__BRIEF__
Output, word for word and without pictures, the lines from the one containing "Kawasaki ZX9R - Etiquetas de precaución" through the final line of the listing below.

--

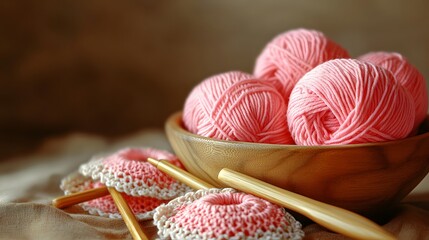 Pink Yarn Balls Crochet Hooks Wooden Bowl Craft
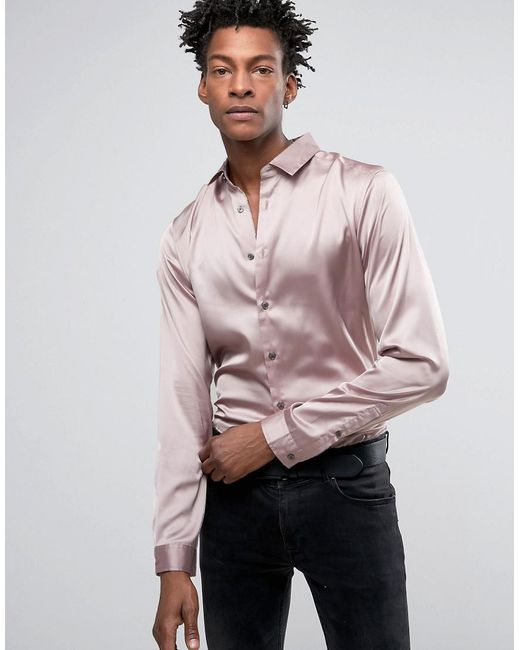 ASOS Regular Fit Sateen Shirt In Dusty Pink for men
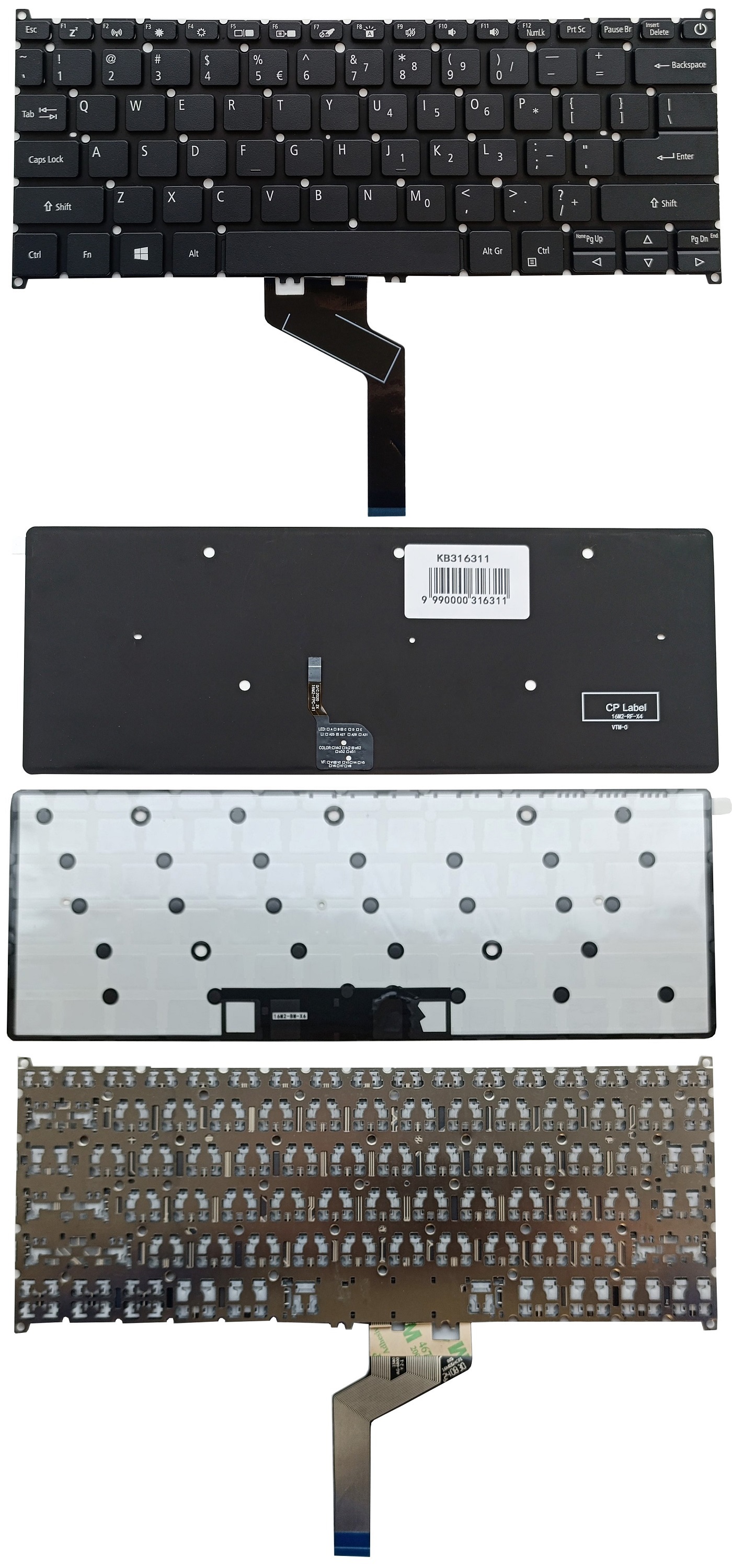 Keyboard ACER: Swift SF514-52, SF514-54, SF314-42, SF314-52, with backlight, US
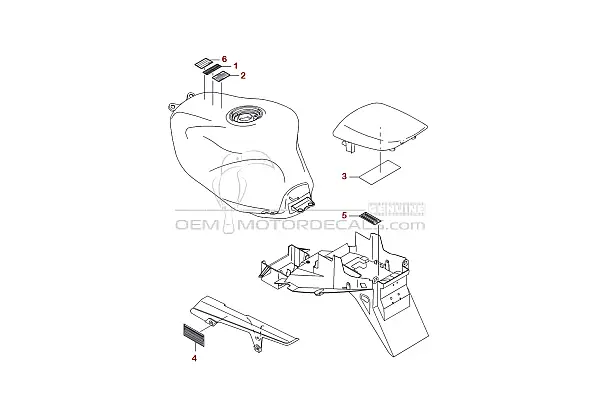 Kawasaki ZX9R - Etiquetas de precaución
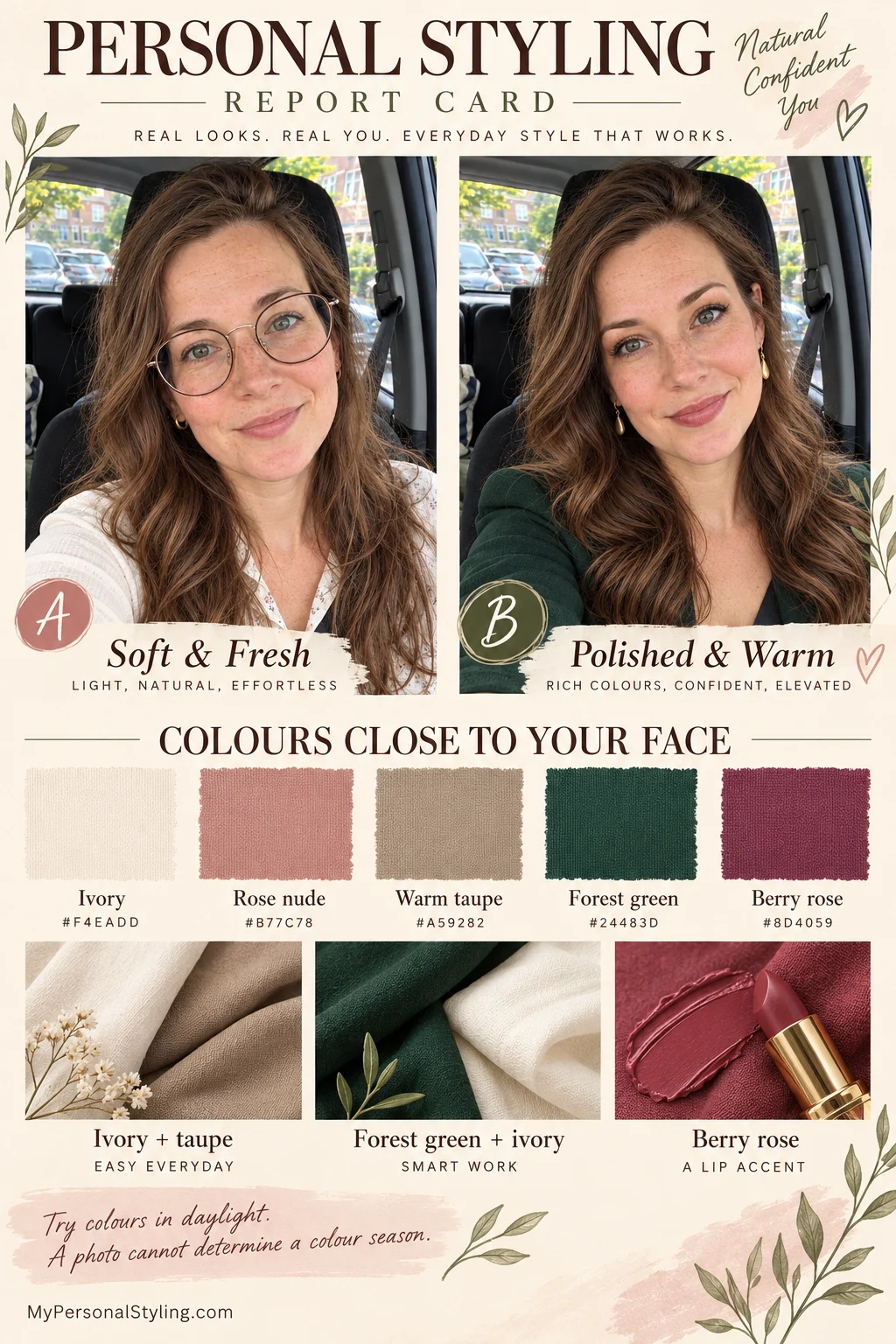 Colours near your face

--

__ANSWER TO THE EXERCISE__
 Kawasaki ZX9R - Etiquetas de precaución
 Colours near your face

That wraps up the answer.